Method: Water samples with plastic bottles with tight cap and washed with distilled water. Totally, 57 samples were collected and analyzed in the laboratory for physico chemical properties like EC (Electrical Conductivity), pH,TH(Total Hardness),Total dissolved solids(TDS),Ca, Cl and F. In this paper, K-means clustering, K-Mediods clustering and Hierarchical clustering methods are used to group the collected regions of water samples based on the water quality. Later outlier analysis can be done and various interested patterns are identified.
Results: According to the WQI values calculated, all the collected samples are suitable for drinking purpose. According to WQI values calculation, for the collected water sample data, it contains 13 Poor tuples, 13 Good tuples and 31 excellent tuples.
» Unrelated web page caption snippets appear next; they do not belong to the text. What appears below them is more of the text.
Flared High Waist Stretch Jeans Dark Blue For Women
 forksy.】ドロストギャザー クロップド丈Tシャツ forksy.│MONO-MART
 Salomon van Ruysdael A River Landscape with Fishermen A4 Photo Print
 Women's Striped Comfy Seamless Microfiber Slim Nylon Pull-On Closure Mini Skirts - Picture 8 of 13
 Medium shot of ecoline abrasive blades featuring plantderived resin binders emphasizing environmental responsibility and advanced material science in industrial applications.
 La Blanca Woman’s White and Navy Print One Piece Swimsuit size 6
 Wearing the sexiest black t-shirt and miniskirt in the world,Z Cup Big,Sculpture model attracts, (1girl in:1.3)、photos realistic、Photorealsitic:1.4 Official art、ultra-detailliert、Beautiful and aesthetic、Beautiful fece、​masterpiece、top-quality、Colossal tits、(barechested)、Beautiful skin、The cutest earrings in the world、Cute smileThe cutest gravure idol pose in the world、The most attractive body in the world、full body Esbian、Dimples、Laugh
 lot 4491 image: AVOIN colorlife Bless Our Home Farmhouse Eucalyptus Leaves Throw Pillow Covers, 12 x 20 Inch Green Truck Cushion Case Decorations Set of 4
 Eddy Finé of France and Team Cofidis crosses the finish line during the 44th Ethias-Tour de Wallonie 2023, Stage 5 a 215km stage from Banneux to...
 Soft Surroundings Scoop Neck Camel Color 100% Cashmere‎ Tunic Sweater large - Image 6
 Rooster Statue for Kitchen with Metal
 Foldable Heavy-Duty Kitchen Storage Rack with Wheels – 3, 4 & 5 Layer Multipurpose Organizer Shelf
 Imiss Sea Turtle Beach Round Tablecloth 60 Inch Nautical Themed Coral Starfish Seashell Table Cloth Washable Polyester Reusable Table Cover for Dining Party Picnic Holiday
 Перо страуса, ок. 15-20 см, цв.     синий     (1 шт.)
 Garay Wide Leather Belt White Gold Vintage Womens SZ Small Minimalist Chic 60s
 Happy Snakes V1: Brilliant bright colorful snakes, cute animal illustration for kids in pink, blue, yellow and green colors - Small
According to K-means clustering, 3 clusters are formed with sizes 8, 17, 32.
According to Outlier analysis,the region Pullareddypet (sample No. 7) has highest EC,TH and TDS values among the 57 collected water samples. The region Veerapalli (Sample No. 37) has highest floride value 3.58 among all 57 samples of collection.
Conclusion: Unsupervised learning methods K-Means Clustering, K-Mediods clustering and Hierarchical clustering methods are described for the collected water samples physico-chemical parameter data. The cluster analysis results were compared with WQI values calculated. The three clusters are overlapping with each other with small degree. In the study area, for drinking purpose, only excellent, good, poor category tuples were found. Later outlier analysis is described using Box plot method and K-means clustering method. By using outlier analysis using K-means clustering, various interesting hidden patterns from the data are extracted and it is useful if the data is very large and voluminous.